Ну и лампа! На смех курам!
Пузырек под абажуром!
В середине пузырька —
Три-четыре волоска…»
Словом, в стихах передан спор двух светильников, и победа остается за электричеством.
Наблюдая жизнь семьи Албычевых в те годы, я видел, как постепенно расширялся круг их знакомых в Москве. Конец первой мировой войны, а потом первые советские годы породили в Москве значительные очереди. Во дворе дома № 23 на Садово-Кудринской улице Павел Викторинович познакомился в очереди с семьей Никитиных, представительницей которых была бывшая артистка Ольга Ивановна, урожденная Корнилова, сестра композитора Ивана Ивановича Корнилова, — из тоболяков. Подругой Ольги Ивановны была жена писателя Пантелеймона Романова — Антонина Михайловна Шаломытова.

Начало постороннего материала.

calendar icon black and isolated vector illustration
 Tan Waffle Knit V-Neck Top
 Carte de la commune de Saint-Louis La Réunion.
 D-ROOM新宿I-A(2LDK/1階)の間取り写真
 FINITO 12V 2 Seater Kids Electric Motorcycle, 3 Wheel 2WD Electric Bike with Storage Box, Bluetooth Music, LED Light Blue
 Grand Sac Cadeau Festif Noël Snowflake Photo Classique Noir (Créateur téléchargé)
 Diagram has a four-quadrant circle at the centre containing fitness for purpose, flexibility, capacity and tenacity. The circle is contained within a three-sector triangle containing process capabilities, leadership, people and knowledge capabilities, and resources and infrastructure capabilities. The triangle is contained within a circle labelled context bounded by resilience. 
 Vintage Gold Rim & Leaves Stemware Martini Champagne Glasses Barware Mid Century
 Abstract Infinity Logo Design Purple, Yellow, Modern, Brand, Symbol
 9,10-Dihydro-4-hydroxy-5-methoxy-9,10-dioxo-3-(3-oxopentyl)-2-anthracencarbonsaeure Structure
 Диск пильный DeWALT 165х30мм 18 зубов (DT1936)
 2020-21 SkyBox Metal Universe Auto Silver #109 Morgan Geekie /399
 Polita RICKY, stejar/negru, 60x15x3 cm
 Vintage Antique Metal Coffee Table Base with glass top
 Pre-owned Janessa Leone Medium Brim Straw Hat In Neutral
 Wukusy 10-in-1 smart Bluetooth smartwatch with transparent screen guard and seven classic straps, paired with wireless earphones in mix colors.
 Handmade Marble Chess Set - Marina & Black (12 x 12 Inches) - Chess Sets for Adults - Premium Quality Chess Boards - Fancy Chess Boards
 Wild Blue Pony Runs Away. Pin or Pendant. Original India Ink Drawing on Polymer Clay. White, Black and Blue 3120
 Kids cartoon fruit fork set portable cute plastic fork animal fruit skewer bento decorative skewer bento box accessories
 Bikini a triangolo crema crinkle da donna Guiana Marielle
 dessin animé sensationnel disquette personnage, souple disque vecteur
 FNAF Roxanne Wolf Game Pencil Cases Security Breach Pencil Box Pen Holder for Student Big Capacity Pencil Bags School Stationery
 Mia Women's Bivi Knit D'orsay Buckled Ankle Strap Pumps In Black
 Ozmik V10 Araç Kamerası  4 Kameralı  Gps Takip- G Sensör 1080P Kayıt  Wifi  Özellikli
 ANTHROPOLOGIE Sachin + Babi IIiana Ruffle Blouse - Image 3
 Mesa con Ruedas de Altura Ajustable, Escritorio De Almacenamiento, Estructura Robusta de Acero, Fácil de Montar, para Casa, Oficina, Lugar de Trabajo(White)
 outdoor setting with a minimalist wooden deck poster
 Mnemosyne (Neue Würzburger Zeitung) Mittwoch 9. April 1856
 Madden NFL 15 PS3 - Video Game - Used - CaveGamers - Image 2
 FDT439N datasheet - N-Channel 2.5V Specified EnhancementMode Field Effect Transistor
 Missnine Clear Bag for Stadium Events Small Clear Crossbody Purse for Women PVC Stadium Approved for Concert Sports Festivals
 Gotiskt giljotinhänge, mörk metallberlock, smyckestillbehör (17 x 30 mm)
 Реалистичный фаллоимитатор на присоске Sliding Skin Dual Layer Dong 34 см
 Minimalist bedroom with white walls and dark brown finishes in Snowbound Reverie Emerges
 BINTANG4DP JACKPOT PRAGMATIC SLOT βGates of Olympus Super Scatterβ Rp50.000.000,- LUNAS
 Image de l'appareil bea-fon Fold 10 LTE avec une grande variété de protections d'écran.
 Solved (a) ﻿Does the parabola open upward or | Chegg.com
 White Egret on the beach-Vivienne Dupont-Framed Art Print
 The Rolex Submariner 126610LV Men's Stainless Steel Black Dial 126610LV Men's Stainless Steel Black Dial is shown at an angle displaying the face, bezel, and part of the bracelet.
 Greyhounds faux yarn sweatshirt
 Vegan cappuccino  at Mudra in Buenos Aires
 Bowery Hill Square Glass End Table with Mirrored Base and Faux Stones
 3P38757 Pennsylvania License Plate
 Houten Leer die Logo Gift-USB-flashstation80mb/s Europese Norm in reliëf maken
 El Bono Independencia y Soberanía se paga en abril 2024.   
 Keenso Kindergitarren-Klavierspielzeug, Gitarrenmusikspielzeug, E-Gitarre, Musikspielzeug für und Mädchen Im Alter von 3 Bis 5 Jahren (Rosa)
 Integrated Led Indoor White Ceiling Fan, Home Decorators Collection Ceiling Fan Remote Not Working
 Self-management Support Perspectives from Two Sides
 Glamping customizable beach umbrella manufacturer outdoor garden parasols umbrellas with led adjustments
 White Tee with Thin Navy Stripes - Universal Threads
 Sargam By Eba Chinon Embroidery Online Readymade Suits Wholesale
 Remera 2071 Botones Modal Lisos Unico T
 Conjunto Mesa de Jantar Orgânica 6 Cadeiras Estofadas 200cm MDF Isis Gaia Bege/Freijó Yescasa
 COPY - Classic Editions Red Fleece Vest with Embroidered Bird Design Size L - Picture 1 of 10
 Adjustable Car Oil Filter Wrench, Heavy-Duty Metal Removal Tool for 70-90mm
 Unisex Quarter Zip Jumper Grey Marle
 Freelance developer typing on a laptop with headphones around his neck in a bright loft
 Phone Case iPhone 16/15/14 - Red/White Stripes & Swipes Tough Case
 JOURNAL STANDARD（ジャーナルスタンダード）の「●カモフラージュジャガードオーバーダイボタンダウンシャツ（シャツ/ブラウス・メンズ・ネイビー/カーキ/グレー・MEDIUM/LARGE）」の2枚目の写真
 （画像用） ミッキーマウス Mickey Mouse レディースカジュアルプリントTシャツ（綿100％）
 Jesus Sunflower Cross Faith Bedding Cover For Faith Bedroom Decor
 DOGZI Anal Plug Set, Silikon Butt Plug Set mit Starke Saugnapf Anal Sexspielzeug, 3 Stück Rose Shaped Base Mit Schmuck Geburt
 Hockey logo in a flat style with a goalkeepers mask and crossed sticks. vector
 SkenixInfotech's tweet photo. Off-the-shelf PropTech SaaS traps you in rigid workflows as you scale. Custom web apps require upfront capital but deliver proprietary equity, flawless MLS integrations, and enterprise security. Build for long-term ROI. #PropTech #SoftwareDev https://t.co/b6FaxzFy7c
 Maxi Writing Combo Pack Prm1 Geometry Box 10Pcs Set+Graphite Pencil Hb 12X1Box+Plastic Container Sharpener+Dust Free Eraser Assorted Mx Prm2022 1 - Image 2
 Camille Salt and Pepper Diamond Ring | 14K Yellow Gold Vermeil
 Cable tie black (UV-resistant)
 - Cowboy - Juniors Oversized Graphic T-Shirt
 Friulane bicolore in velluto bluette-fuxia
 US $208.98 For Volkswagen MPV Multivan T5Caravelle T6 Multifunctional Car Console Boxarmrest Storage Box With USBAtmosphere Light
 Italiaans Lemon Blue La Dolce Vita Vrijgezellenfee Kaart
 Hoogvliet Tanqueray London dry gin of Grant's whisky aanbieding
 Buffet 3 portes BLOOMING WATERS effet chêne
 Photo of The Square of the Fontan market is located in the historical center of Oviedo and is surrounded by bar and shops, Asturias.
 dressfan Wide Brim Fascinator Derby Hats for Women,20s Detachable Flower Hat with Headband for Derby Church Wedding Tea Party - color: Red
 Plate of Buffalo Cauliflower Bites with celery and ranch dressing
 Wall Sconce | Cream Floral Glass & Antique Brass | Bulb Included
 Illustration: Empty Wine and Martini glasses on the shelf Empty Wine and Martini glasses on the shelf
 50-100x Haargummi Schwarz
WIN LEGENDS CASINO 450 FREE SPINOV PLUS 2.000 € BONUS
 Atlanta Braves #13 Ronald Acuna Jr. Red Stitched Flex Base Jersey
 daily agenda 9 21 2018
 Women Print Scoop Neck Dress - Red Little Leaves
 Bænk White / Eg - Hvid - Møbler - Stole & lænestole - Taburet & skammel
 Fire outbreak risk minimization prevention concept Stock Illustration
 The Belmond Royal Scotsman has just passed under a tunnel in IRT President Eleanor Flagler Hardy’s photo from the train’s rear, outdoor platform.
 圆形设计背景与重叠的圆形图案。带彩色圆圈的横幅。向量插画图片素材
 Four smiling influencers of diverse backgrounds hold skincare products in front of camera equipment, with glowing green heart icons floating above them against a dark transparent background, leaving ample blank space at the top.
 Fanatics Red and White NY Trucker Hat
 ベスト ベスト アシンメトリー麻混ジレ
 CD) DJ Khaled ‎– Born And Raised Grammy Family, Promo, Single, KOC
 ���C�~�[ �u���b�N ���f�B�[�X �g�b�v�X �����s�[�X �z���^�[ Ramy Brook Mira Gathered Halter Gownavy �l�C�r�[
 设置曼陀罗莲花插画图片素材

В середине 1920-х годов я был в Москве, и однажды, по приглашению Павла Викториновича был в одной из ближайших студий и слушал чтение писателем Романовым одного из своих произведений. Признаться, ни сам писатель, ни его произведение мне не понравились.
Среди навещавших семью Албычевых было немало интересных людей. Так, бывал здесь уральский уроженец Петр Михайлович Злоказов, кажется, печатавшийся в «Русском богатстве» В. Г. Короленко. Бывал и детский писатель Лев Николаевич Зилов. А однажды в квартире Албычевых остановилась семья бывшего спутника Норденшельда — Иоакима Гренбека, десятки лет прожившего в Тюмени и «по глупости» возвращавшегося в Норвегию, чтобы там вскоре же и умереть. Похоронив стариков, дочь его вернулась в Тюмень, так как выросла русской.
Чаще всего я встречал у Албычевых художника Ивана Владимировича Найдерова, солидного уже тогда человека, нашего однокурсника по археологическому институту. Незадолго до Октября в Москве была издана открытка — воспроизведение найдеровского этюда «Исеть», писанного в окрестностях старого Екатеринбурга. Думается, что Найдеров поехал на Урал, сагитированный Павлом Викториновичем. Открытка эта хранится в моем собрании открыток, воспроизводящих работы художников, посещавших Урал.